My understanding is that the data converters get instantiated in every workflow.

This seems to be a deeper issue with imports that rely on rust extension modules. As more core python libraries switch to using rust bindings, this could become a big issue.

Any advice here? I am happy to give more details or information if needed

For some reason this is not seen as passed through if it’s being re-imported. The goal of pass through is to only import once via the system importer.

This is correct (for payload converters, not the entire data converter)

Yes, but passing through the import is meant to alleviate this

I will set aside some time to investigate. This requires debugging why the sandbox is re-importing something that is being passed through. A standalone replication may help, but probably not needed.

Thanks for the help. The following code would likely be a simple way to reproduce the issue in a workflow, unless this issue is specific to data-converter instantiation.

with workflow.unsafe.imports_passed_through():
    from cryptography.fernet import Fernet

key = Fernet.generate_key()
f = Fernet(key)
token = f.encrypt(b"my deep dark secret")
f.decrypt(token)

Using the encryption sample as a base, I was not able to replicate with 38.x version of the cryptography lib, but when I updated to 41.x I was able to replicate.

This is happening because that cryptography library does a runtime import here and here.
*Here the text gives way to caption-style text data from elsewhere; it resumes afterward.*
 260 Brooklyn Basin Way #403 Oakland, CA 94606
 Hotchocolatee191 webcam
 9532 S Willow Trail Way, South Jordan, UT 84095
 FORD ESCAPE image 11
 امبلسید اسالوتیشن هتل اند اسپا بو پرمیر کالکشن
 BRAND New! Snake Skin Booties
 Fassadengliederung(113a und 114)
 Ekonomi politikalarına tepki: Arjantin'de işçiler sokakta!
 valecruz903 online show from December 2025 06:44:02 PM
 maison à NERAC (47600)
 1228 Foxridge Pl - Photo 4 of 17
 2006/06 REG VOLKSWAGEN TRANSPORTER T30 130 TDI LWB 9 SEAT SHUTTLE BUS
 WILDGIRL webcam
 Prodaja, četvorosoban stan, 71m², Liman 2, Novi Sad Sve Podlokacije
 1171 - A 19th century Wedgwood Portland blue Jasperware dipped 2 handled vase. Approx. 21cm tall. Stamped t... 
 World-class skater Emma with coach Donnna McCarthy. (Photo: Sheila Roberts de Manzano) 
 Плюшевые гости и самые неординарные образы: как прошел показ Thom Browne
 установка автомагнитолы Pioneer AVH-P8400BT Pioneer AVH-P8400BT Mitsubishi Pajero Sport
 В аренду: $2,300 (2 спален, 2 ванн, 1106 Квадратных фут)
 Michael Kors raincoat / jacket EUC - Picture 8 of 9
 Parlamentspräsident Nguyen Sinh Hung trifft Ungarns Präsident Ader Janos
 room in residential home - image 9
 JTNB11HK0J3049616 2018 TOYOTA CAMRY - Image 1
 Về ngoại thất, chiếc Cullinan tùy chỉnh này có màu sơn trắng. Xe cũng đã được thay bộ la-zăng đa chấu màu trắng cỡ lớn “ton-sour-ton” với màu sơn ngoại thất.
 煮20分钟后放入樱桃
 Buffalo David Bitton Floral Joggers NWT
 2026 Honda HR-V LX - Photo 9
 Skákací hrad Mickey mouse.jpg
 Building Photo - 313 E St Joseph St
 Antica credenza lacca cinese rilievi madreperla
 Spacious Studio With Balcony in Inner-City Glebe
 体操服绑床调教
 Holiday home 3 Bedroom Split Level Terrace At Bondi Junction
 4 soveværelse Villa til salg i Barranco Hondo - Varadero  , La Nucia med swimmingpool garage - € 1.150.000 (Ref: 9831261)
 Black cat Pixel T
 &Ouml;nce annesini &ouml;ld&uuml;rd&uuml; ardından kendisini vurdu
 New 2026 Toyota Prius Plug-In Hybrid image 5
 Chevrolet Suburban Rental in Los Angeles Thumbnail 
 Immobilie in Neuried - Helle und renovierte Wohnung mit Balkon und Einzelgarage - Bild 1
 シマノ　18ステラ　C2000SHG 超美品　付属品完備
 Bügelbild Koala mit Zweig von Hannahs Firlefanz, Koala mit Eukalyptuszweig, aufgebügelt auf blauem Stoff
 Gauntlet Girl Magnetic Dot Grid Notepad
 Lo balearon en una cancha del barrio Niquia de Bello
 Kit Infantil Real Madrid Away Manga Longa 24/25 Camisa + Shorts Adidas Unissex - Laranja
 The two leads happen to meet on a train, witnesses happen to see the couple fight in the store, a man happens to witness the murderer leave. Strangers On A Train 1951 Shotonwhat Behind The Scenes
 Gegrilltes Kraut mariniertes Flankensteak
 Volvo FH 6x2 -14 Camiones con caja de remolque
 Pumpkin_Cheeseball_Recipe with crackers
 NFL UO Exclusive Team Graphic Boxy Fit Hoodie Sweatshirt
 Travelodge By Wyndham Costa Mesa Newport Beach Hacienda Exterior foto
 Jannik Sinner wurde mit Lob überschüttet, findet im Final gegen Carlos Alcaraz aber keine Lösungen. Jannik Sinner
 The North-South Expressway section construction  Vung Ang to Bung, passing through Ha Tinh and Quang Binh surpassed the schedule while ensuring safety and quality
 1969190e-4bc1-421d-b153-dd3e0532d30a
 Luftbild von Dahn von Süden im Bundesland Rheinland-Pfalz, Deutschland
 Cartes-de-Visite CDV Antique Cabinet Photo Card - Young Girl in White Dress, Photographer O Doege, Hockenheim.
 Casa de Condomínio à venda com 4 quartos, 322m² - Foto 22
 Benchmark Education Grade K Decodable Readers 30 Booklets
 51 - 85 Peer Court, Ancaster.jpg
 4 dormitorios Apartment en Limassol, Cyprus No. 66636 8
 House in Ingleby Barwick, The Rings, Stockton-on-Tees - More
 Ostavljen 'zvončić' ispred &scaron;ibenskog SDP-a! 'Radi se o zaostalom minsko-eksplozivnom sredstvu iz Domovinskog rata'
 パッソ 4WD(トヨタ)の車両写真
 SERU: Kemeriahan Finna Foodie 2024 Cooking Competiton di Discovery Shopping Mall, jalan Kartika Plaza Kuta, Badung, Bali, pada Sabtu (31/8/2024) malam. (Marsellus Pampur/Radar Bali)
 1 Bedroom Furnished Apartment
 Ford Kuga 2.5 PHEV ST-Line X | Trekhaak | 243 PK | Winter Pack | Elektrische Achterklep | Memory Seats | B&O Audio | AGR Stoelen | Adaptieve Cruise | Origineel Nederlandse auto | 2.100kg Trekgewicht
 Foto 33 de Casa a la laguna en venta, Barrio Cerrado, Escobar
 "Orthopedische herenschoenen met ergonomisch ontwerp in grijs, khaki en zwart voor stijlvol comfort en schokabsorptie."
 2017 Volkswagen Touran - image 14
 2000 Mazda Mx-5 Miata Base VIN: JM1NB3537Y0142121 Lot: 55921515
Libraries that do imports during the run of the workflow are using the sandboxed importer by intention. with workflow.unsafe.imports_passed_through(): only applies to the code that runs inside it, not code that runs later.

Options in order of most preferable:

  • Do not put encryption stuff in a deterministic payload converter, that is not where it goes, put it in a payload codec. See the aforementioned encryption sample. If you need partial encryption, you can have a payload converter do whatever is needed to make it clear to the payload codec (and vice-versa) what needs to be encrypted/decrypted (or you can instead use a local activity to decrypt the single part inside the workflow if you’d like, but be advised that result is stored in history, many users don’t decrypt the thing they need until they are in an activity).
  • Run your decryption code inside with workflow.unsafe.imports_passed_through(): since it’s doing runtime imports
  • As seen in the README, you can mark the entire cryptography library as passthrough at the worker level, e.g. when creating the worker: workflow_runner=temporalio.worker.workflow_sandbox.SandboxedWorkflowRunner(restrictions=temporalio.worker.workflow_sandbox.SandboxRestrictions.default.with_passthrough_modules("cryptography"))
  • Add import cryptography.hazmat.backends.openssl.backend and import cryptography.hazmat.bindings._rust in your with workflow.unsafe.imports_passed_through()
  • Disable the sandbox

Excellent, thank you so much for the help. Your advice worked for me.